Je voudrais d'abord ouvrir une parenthèse pour donner une illustration du fonctionnement du cerveau humain en général. Diverses expériences de sectes ont été étudiées aux Etats-Unis. Quand une date est fixée pour l'occurrence d'un événement et quand la date fixée passe sans la réalisation de l'événement, une minorité d'adeptes quitte la secte n'ayant plus la foi. Mais la grande majorité montre un zèle encore plus fervent pour expliquer la non occurrence de l'événement. Elle commence alors à prêcher la foi à l'extérieur, en insistant sur les raisons qui ont fait que l'événement attendu n'a pas eu lieu.
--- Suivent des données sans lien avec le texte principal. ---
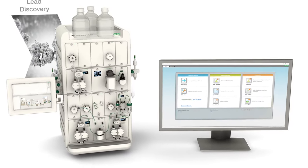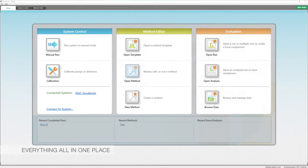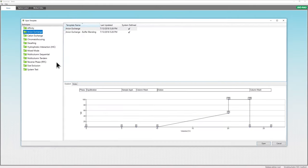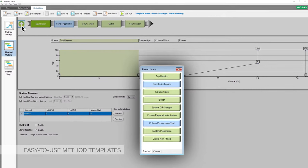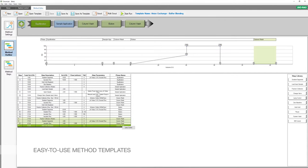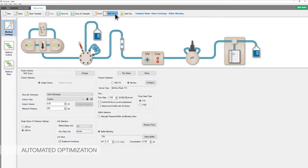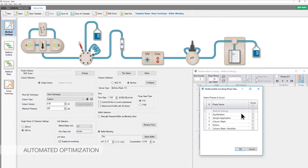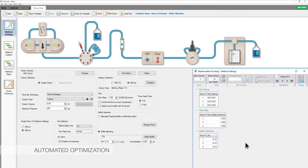ChromeLab is designed to make your methods quick and easy. Use method templates grouped by technique. Methods are created based on phases with the ability to insert steps if needed — no block programming required. Scouting features help find ideal purification conditions automatically; focus on one parameter at a time or easily evaluate multiple conditions with multi-variable scouting.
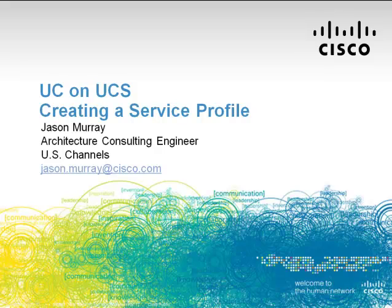Hello, my name is Jason Murray and I'm an architecture consulting engineer with Cisco Systems. This is the third in a five part video series which walks you through the initial setup of UCS to get you to the point where you can install UC on UCS.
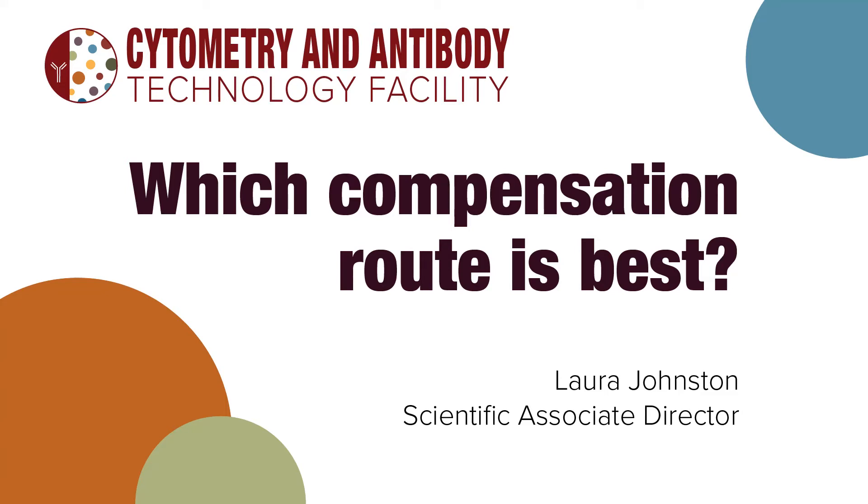Hey everyone! This video will have two parts. In the first part, I'm going to discuss the various routes you can take to calculate compensation and help you try to decide which one's going to work best for you. And then in the second part, I'll give you some tips with FlowJo and walk you through the software.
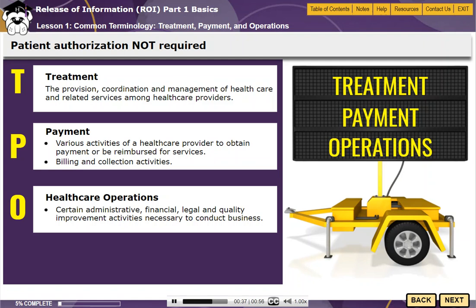In order to determine whether a request requires patient authorization, you must first understand the reason for the request and whether the request falls into a TPO category. Let's take a closer look at each of these categories in a bit more detail, but first let's pause here for a quick knowledge check.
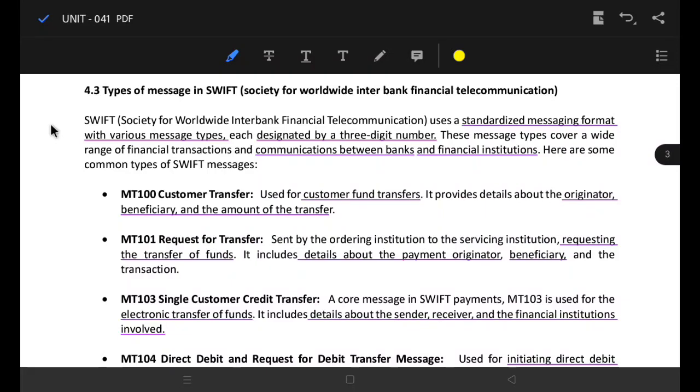Hello guys, I'm going to talk about the types of messages in SWIFT — the Society for Worldwide Interbank Financial Telecommunication.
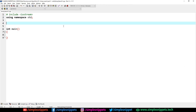What's going on guys, Tanma here for Simple Snippets, and welcome back to another video tutorial on data structures and algorithms. In this video tutorial we are going to be implementing the binary search algorithm using C++ programming language.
Une façon de se convaincre qu'elle ne s'est pas leurrée. Ajoutez à cela qu'un mensonge cent fois répété devient une vérité. Ceci vous permet de réfléchir sur le phénomène sectaire qui s'est développé il y a 2000 ans.
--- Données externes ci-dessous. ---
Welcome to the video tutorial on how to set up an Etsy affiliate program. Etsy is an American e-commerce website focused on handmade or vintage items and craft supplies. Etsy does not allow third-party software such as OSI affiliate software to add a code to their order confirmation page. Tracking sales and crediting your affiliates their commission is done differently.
Des spécialistes se sont penchés sur le phénomène messianique et ont élaboré de nombreux ouvrages et autant de théories, qu'ils se sont empressés aussitôt de réfuter. Même Freud a essayé d'échafauder une théorie qui ne tient pas la route. Récemment, j'ai lu un article parlant d'un congrès de psychiatres qui auraient déceler une épilepsie particulière génératrice de mysticisme. Mais le nombre de sujets examinés n'était pas significatif…Bien sûr, Gershom Sholem a émis l'hypothèse que Shabetay Zvi aurait été maniaco-dépressif; soit! En fait le phénomène messianique est aléatoire et non prévisible et sur la soixantaine de cas que j'ai étudiés, on ne peut tirer aucune théorie ni faire des extrapolations.
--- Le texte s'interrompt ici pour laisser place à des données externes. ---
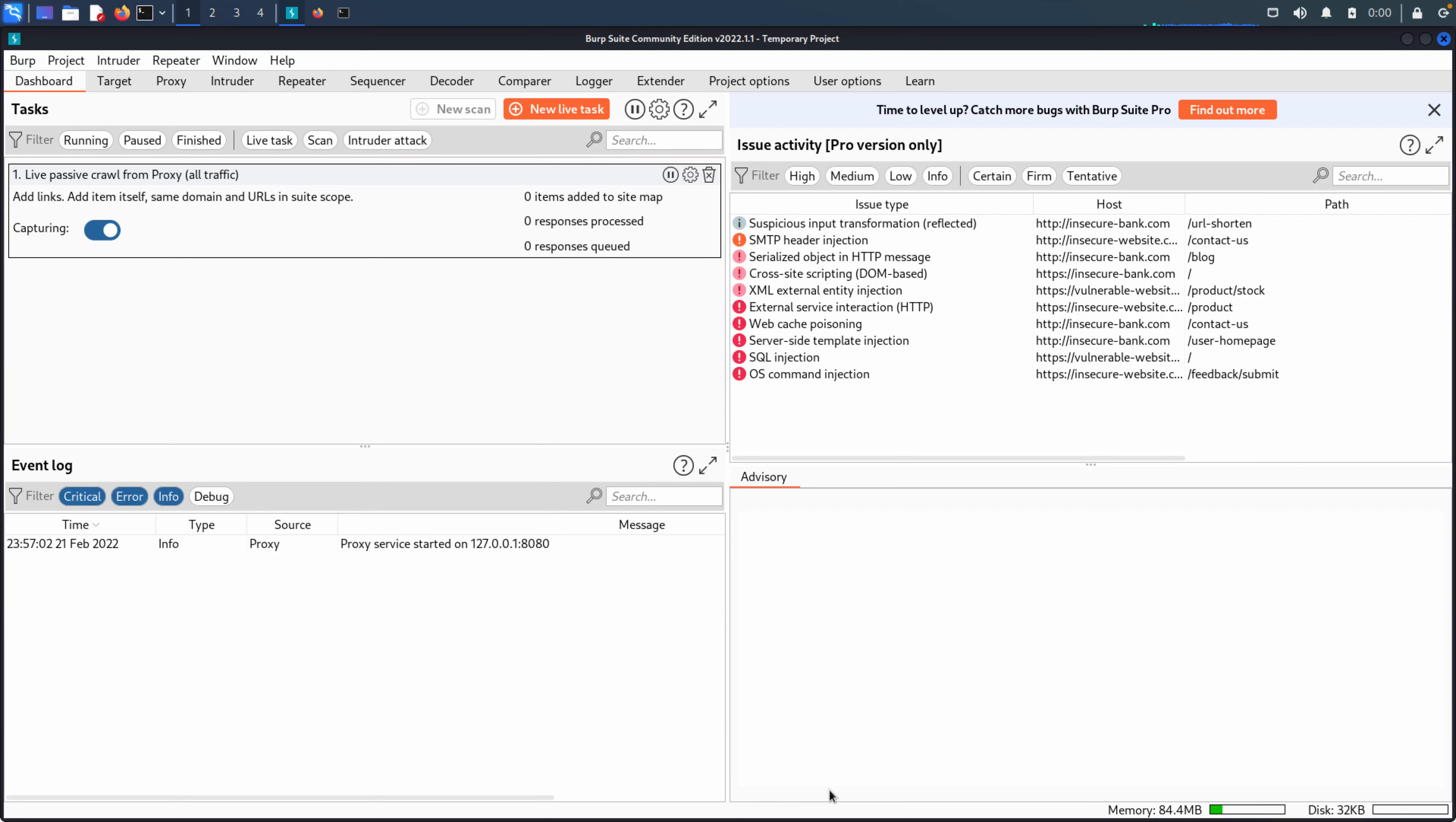Welcome everyone to the second video in the Getting Started with Burp Suite series. If you're interested in discussions around starting Burp, upgrading Burp, then check out the video right before this. That's what that one is geared towards.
Le mieux c'est d'aller aux sources du mot en hébreu, puis de se laisser guider par le cours des faits historiques.

LE MESSIE BIBLIQUE

Mashiah' en hébreu est l'oint, de la racine mashah' qui signifie enduire d'huile d'olive, oindre, mais aussi mesurer avec un cordeau, ce qui implique, dans les deux sens du mot, un mouvement de va et vient, sans doute pour trouver la bonne mesure. On avait l'habitude de consacrer par l'huile des objets, stèle, bouclier, puis des hommes, prêtres, prophètes et surtout des rois. C'était une manière de relier l'objet ou l'homme consacré à une instance supérieure. Comme l'onction était faite avec de l'huile shemen, mais pas n'importe laquelle, l'huile d'olive, zayit, qui signifie "ceci est le signe", il faut aller un peu plus loin sur le plan de l'analyse sémiologique. La friction de la tête avec "shemen" facilite une relation entre le divin et les hommes, par l'intermédiaire de celui qui est frictionné. Celui-ci reçoit une lumière ou une connaissance qu'il transmet (c'est le noun de shemen), et il doit assurer un équilibre difficile entre le feu de la rigueur (c'est le shin de shemen) et l'eau de la miséricorde (c'est le mém de shemen). Un chef consacré par l'huile doit maintenir cet équilibre précaire entre l'eau et le feu. Il doit être un peu géomètre.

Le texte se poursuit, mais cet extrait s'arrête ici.